#### Records to use ####

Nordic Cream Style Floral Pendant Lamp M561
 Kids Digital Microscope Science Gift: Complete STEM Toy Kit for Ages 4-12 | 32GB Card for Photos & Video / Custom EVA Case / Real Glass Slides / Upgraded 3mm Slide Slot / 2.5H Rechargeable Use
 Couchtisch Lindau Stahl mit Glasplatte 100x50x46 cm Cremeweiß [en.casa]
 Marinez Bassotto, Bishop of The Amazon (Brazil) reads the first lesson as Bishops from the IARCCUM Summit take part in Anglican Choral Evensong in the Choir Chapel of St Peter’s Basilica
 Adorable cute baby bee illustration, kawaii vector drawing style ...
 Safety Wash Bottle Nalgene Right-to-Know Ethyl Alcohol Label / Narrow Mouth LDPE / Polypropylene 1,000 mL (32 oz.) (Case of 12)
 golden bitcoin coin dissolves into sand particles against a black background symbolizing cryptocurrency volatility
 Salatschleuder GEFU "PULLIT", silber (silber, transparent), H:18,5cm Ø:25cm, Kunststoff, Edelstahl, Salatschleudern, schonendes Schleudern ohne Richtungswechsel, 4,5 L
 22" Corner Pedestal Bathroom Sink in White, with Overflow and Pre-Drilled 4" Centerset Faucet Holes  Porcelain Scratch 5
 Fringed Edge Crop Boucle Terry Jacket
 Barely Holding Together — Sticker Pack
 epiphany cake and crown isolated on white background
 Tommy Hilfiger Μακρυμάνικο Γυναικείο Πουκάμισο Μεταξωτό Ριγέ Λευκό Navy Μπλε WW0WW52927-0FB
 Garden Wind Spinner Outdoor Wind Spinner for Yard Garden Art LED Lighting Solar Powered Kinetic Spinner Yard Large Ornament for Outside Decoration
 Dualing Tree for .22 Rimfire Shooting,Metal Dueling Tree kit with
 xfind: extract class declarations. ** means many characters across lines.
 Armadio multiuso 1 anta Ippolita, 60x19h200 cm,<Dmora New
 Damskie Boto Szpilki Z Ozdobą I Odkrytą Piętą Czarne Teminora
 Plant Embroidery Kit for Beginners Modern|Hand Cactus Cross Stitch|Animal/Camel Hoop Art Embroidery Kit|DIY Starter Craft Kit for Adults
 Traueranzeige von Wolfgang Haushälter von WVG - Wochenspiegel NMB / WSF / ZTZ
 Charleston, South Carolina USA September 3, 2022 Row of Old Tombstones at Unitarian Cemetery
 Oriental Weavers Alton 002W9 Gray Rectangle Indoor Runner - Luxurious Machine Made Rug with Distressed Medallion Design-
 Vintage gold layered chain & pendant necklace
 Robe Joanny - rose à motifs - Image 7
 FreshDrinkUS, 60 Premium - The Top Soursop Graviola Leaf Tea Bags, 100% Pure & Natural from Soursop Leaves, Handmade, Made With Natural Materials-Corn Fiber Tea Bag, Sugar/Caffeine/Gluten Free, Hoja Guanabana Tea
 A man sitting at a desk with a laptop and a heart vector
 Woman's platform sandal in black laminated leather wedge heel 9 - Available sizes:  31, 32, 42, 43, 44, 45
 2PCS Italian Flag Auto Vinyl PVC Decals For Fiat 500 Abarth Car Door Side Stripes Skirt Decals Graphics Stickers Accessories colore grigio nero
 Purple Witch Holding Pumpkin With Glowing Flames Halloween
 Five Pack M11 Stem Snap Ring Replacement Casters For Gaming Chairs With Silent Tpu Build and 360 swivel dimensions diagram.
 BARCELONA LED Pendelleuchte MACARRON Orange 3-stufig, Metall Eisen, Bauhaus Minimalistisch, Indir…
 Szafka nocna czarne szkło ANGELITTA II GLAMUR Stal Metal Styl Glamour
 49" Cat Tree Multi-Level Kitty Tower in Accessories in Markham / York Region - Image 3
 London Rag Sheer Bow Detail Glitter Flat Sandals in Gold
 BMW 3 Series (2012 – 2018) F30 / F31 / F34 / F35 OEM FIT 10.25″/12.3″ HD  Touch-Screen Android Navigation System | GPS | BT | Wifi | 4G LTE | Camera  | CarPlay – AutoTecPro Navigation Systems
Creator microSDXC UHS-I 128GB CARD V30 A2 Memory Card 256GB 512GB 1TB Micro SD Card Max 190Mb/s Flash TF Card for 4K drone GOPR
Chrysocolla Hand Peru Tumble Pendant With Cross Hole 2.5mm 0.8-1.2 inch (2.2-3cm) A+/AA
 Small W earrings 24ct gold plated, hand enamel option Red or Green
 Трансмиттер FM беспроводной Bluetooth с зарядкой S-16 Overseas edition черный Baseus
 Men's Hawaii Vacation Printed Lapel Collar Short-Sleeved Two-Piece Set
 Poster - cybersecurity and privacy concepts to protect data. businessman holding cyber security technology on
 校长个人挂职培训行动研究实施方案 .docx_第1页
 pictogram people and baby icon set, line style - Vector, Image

####

■ Exercise objective
All that belongs in your answer is the stretch of entries above from the line with "Tommy Hilfiger Μακρυμάνικο" through the line with "xfind: extract class", printed exactly.

■ Response to the task
 Tommy Hilfiger Μακρυμάνικο Γυναικείο Πουκάμισο Μεταξωτό Ριγέ Λευκό Navy Μπλε WW0WW52927-0FB
 Garden Wind Spinner Outdoor Wind Spinner for Yard Garden Art LED Lighting Solar Powered Kinetic Spinner Yard Large Ornament for Outside Decoration
 Dualing Tree for .22 Rimfire Shooting,Metal Dueling Tree kit with
 xfind: extract class declarations. ** means many characters across lines.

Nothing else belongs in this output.